--- MATERIAL FOR THE TASK Enclosed Below ---

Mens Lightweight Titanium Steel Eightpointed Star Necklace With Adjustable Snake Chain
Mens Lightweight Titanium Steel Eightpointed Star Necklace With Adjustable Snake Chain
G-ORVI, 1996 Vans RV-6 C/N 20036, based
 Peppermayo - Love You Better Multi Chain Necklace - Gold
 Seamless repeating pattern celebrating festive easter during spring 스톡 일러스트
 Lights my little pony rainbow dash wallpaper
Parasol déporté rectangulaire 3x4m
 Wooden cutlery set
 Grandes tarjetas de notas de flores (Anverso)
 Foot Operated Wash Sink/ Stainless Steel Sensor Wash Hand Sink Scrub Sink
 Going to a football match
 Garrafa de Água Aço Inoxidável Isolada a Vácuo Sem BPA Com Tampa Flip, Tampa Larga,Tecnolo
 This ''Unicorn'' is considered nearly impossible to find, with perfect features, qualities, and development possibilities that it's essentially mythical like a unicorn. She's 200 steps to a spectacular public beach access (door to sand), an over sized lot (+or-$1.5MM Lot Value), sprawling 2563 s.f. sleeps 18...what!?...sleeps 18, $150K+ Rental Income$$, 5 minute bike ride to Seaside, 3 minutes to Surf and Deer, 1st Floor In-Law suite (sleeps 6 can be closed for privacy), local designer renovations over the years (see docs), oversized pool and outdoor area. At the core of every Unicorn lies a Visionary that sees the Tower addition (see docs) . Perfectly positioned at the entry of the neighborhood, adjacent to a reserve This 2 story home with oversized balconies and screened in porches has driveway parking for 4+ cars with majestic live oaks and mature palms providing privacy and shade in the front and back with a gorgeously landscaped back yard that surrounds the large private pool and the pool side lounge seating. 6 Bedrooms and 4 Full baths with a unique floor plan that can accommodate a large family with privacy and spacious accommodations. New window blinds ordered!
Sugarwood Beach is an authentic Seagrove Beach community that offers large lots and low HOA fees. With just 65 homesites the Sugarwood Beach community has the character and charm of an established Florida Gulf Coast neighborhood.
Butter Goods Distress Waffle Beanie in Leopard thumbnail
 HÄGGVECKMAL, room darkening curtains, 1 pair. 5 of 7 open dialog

--- End of Enclosed MATERIAL FOR THE TASK ---

[YOUR ASSIGNMENT]
Each line in the data that holds the string "large" should be found and copied.

[RESULT OF THE TASK]
 This ''Unicorn'' is considered nearly impossible to find, with perfect features, qualities, and development possibilities that it's essentially mythical like a unicorn. She's 200 steps to a spectacular public beach access (door to sand), an over sized lot (+or-$1.5MM Lot Value), sprawling 2563 s.f. sleeps 18...what!?...sleeps 18, $150K+ Rental Income$$, 5 minute bike ride to Seaside, 3 minutes to Surf and Deer, 1st Floor In-Law suite (sleeps 6 can be closed for privacy), local designer renovations over the years (see docs), oversized pool and outdoor area. At the core of every Unicorn lies a Visionary that sees the Tower addition (see docs) . Perfectly positioned at the entry of the neighborhood, adjacent to a reserve This 2 story home with oversized balconies and screened in porches has driveway parking for 4+ cars with majestic live oaks and mature palms providing privacy and shade in the front and back with a gorgeously landscaped back yard that surrounds the large private pool and the pool side lounge seating. 6 Bedrooms and 4 Full baths with a unique floor plan that can accommodate a large family with privacy and spacious accommodations. New window blinds ordered!
Sugarwood Beach is an authentic Seagrove Beach community that offers large lots and low HOA fees. With just 65 homesites the Sugarwood Beach community has the character and charm of an established Florida Gulf Coast neighborhood.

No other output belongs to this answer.